Task item
Below, some lines carry pictures; leave those pictures out and retype exactly the lines from the one with "Cassette complète LED" through the one with "Dollhouse Miniatures Preview Pages".

[Short web captions]
━━━━━━━━
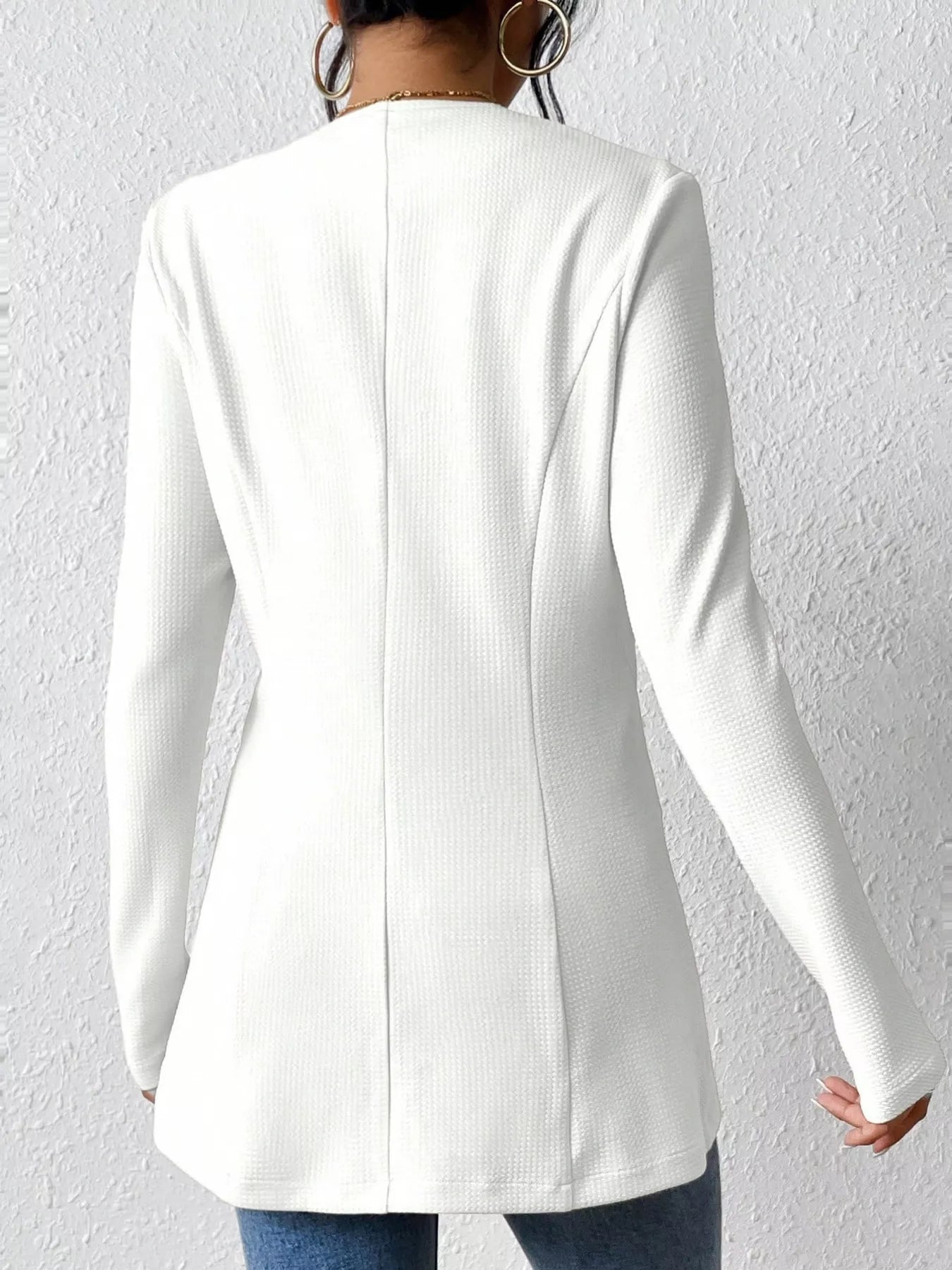 One Button Long Sleeve Blazer - Flip Flop Dynasty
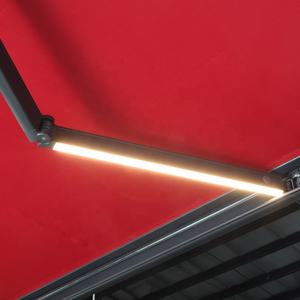 Cassette complète LED bandes auvent avec moteur <span class=keywords><strong>Auvents</strong></span> boîte rétractable <span class=keywords><strong>Auvents</strong></span> <span class=keywords><strong>Auvents</strong></span> extérieur Maximum 7x4m,Minimum 2x1,5 m - Product Image 1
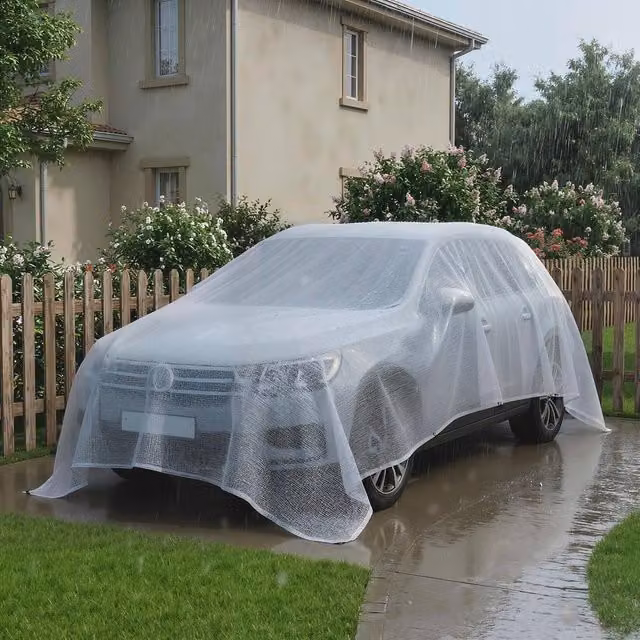 Outsunny Waterproof White PE Tarpaulin – 1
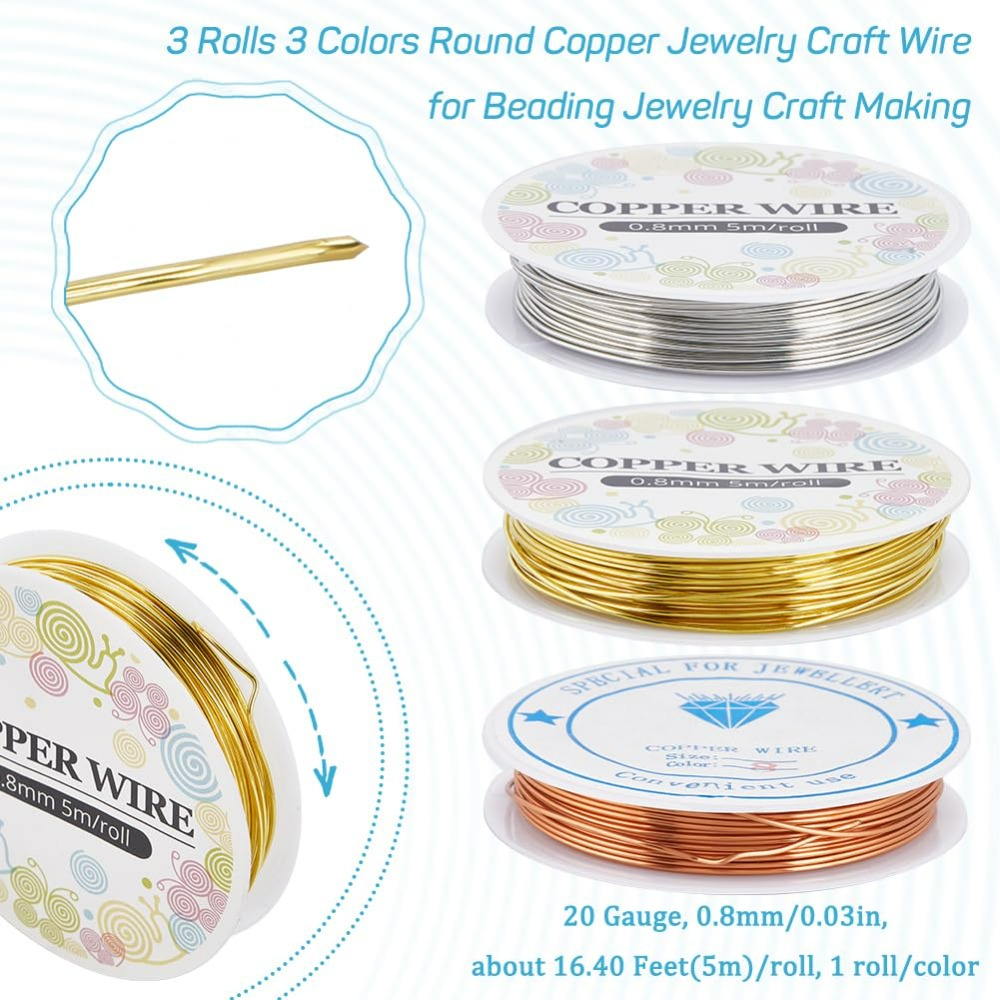 12.8M Copper Jewelry Wire 0.8m – Jewelry Making Tutorial recenzja i cena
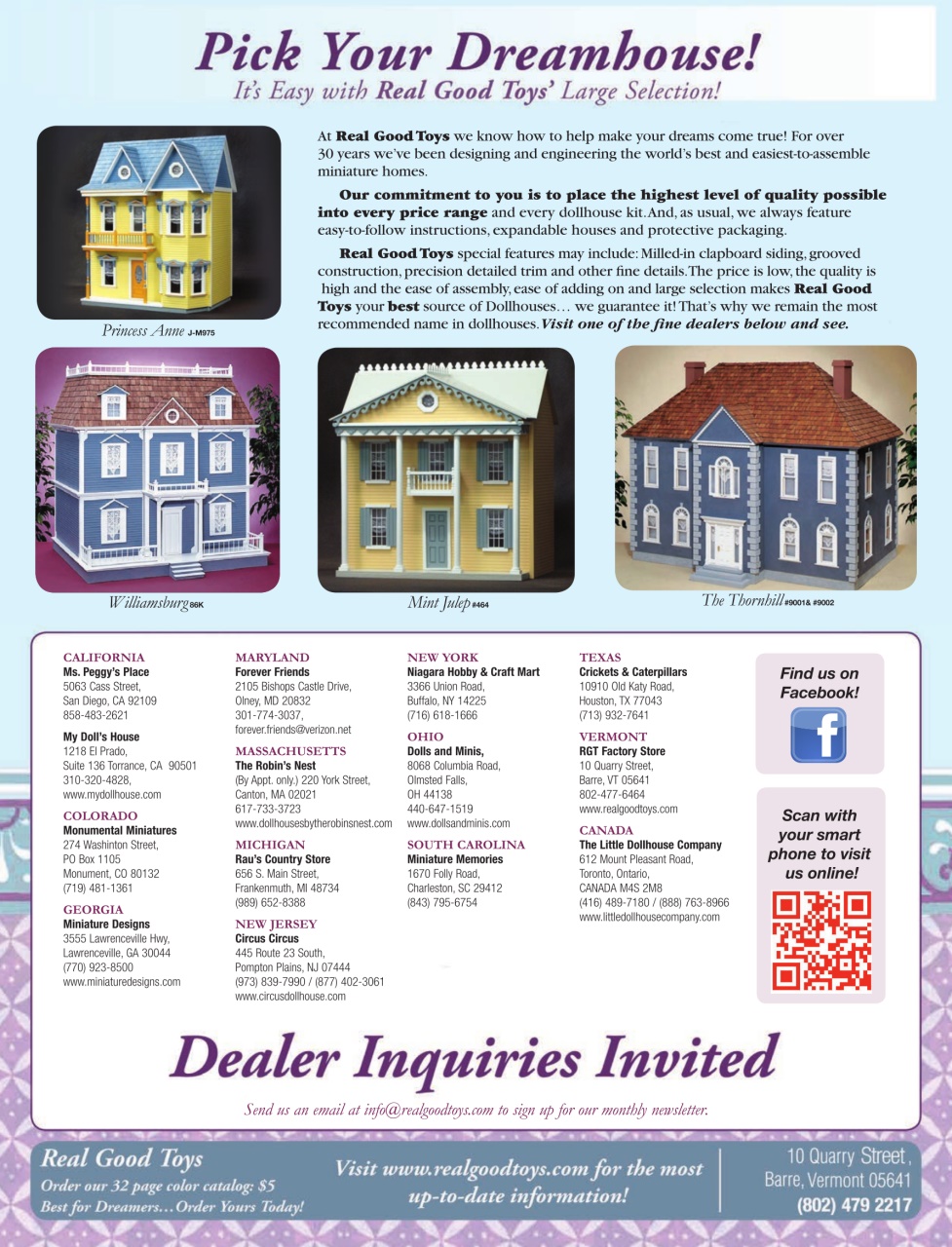 Dollhouse Miniatures Preview Pages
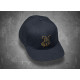 Cappellini Meguiars "M" Logo Snapback - cappellino snapback nero con logo "M" 3D ricamato in oro e nero | race-shop.it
━━━━━━━━
Response
 Cassette complète LED bandes auvent avec moteur <span class=keywords><strong>Auvents</strong></span> boîte rétractable <span class=keywords><strong>Auvents</strong></span> <span class=keywords><strong>Auvents</strong></span> extérieur Maximum 7x4m,Minimum 2x1,5 m - Product Image 1
 Outsunny Waterproof White PE Tarpaulin – 1
 12.8M Copper Jewelry Wire 0.8m – Jewelry Making Tutorial recenzja i cena
 Dollhouse Miniatures Preview Pages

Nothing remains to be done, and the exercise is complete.